NOTWITHSTANDING THIS REPORT OR ANY DISCUSSIONS CONCERNING A LOT, ALL LOTS ARE OFFERED AND SOLD AS IS" IN ACCORDANCE WITH THE CONDITIONS OF BUSINESS PRINTED IN THE SALE CATALOGUE."

Catalogue Note

This dish has delicate rounded sides divided into seven bracket foliations, rising from a recessed centre with corresponding foliate edges to an everted rim of conforming outline. The thin wooden core is lacquered a deep black, and its base marked Yu Zhang in red lacquer within a double lozenge. Taking a 'water caltrop' shape, the dish evokes a lotus in full blossom, an impression gracefully reinforced by a stylised, overlapping floral pattern on its back rarely seen on heirlooms.Elegant simplicity is characteristic of Song lacquerware, best exemplified by works of yise or monochrome lacquer. While the preferred choice was black, other colours such as red, brown, ochre and yellow could also be seen. Archaeological excavations have recovered a substantial amount of monochrome lacquerware in Song tombs, suggesting its great popularity among the nobility as an expensive object of use, whether for daily or funerary purposes.

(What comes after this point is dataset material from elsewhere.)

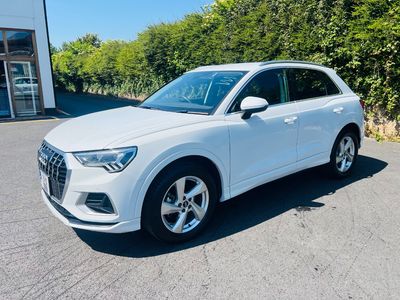 2021 Audi Q3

The Song and Yuan dynasties have exerted a formative influence on the development of lacquerware in China. The lacquerware from the period, whether excavated, privately collected or preserved as heirlooms, all points to a dynamic contemporary dialogue between lacquer, ceramics, gold and silver as media of artistic production, a cross-influence that has come under scholarly attention.

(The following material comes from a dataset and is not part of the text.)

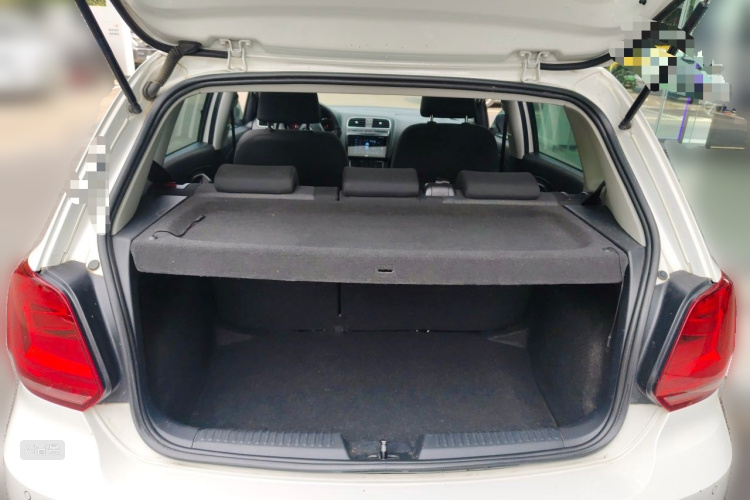 Volkswagen Polo 2019 car image #21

A slightly smaller seven-lobed dish also with a bracket-lobed centre, in the Freer Gallery of Art, Washington D.C., is illustrated in N.S. Bromelle and Perry Smith, eds, Urushi, Proceedings of the Urushi Study Group, June 10-27, 1985, Tokyo, Tokyo, 1988, p. 212, fig. 12. X-ray radiography has revealed it to be created with the dry lacquer technique on a fabric core that was stretched over a mould. Another slightly smaller black lacquer dish of the same seven-lobed form, from the collection of the Tokyo National Museum, was included in the exhibition Toyo no Shikkogei/Oriental Lacquer Arts, Tokyo National Museum, Tokyo, 1977, cat. no. 430 (fig. 1), together with a larger octafoil red lacquer dish, pl. 482; the seven-lobed example is illustrated again, in colour, in Hai-wai Yi-chen, Qiqi/Chinese Art in Overseas Collections: Lacquerware, Taipei, 1987, pl. 42. There is also in the Tokyo exhibition a red lacquer example with eleven brackets, a circular centre and fluted sides that do not fully conform to the bracket foliations of the rim; see Toyo no Shikkogei, op. cit., cat. no. 482. This piece is now in the Museum für Lackkunst, Münster, Germany, and is published again, in colour, in Monika Kopplin, ed., The Monochrome Principle: Lacquerware and Ceramics of the Song and Qing Dynasties, Munich, 2008, p. 113, pl. 22. Another red dish of this type with nine bracket foliations and a circular centre, from the collection of Sir Harry and Lady Garner, was included in the exhibition Chinese Art under the Mongols: The Yuan Dynasty (1279-1368), The Cleveland Museum of Art, Cleveland, 1968, cat. no. 282.